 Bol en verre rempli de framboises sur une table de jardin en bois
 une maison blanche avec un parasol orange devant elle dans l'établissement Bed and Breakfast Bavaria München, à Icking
--
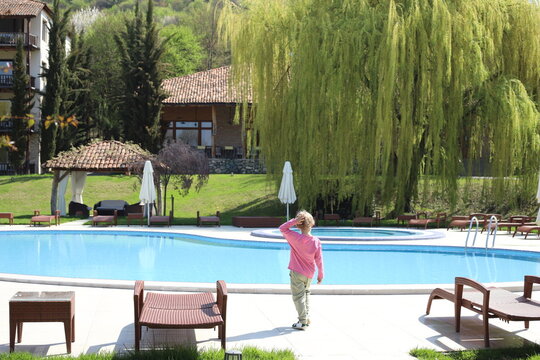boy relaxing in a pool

Task details: The reply should hold only the lines of the listing above starting at the line containing "Bol en verre" and ending at the line containing "une maison blanche", exactly as written.

Response to the exercise:
 Bol en verre rempli de framboises sur une table de jardin en bois
 une maison blanche avec un parasol orange devant elle dans l'établissement Bed and Breakfast Bavaria München, à Icking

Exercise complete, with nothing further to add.